1. Wiceprezes Włodzimierz Schmidt podkreślił, że słabe przygotowanie debiutowe jest problemem zarówno czołówki kobiet, jak i mężczyzn i zadeklarował gotowość nadzorowania pracy konsultanta debiutowego kadry kobiet i mężczyzn (Protokół z zebrania zarządu Warszawa, biuro PZSzach, Al. Jerozolimskie 49, 27 października 2012 r. godz. 10.00-18.00).
2. Michał Krasenkow – trener kadry Polskiego Związku Szachowego (Pismo MAT 4-2013): Kładzenie nacisku na pracę nad debiutami jest śmiesznym podejściem.
3. Anatoli Karpow – mistrz świata w latach 1975-1985 oraz 1993-1999: Każda faza partii, otwarcie, gra środkowa i końcówka ma duże znaczenie. Jeżeli na początku gry, któraś ze stron uzyska przewagę materialną lub pozycyjną, to zniwelować ją w grze środkowej będzie bardzo trudno. W tej sytuacji do końcówki może w ogóle nie dojść. Bez poprawnej gry w debiucie, nie można więc myśleć o sukcesach w szachach.
4. Władimir Kramnik – mistrz świata w latach 2000-2007: Moja specjalność to debiut i przejście do gry środkowej. Tu nie chodzi o wiedzę, tylko o zrozumienie oraz pojęcie kierunku działania.
5. Borys Gelfand – wicemistrz świata w 2012 roku: Byłem wychowany, że debiut to najważniejsza część partii i trzeba go wygrać. Dlatego muszę silnie obciążać mózg.

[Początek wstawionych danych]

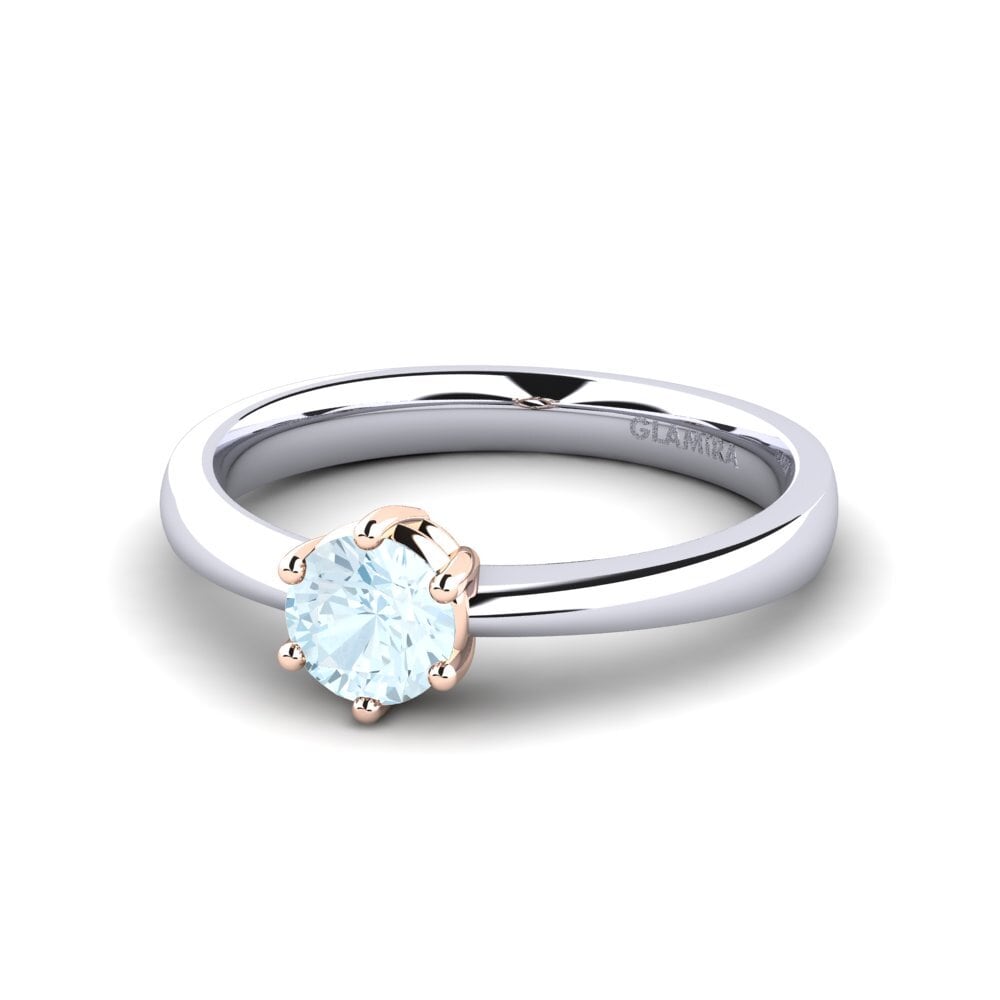 Anillos 14k Oro Blanco / Rosa Aguamarina Solitario Clásico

6. Czołowy trener MASZ: Ja osobiście, w pracy i w konsultacjach z juniorami, zwracam większą uwagę na idee, myśli, najważniejsze ścieżki, nastawienie do partii, nie zalewając ich wariantami.
7. Jerzy Konikowski – trener I klasy i publicysta: Studiujcie debiuty, a w grze środkowej i końcówkach dacie sobie na pewno radę!
8. Monika Soćko – najlepsza polska szachistka: Ranking rzędu 2400 czy 2500 można zdobyć samym talentem, ale dalszy rozwój wymaga dobrych trenerów i wielkiej własnej pracy. Tak, polscy szachiści są leniwi. Naturalnie nie wszyscy, ale większość.
9. Mistrz świata Magnus Carlsen: Głównie pracowałem nad otwarciami (przed meczem z Anandem). Myślę, że końcówki i grę środkowo opanowuje się dzięki grze turniejowej. W tym sensie nie trenowałem tych faz gry, które są moją siłą.
10. Garri Kasparow – mistrz świata w latach 1985 – 2000: Nie ma znaczenia jak dobrze grasz, nie możesz spodziewać się dobrych wyników kiedy masz przegraną po debiucie.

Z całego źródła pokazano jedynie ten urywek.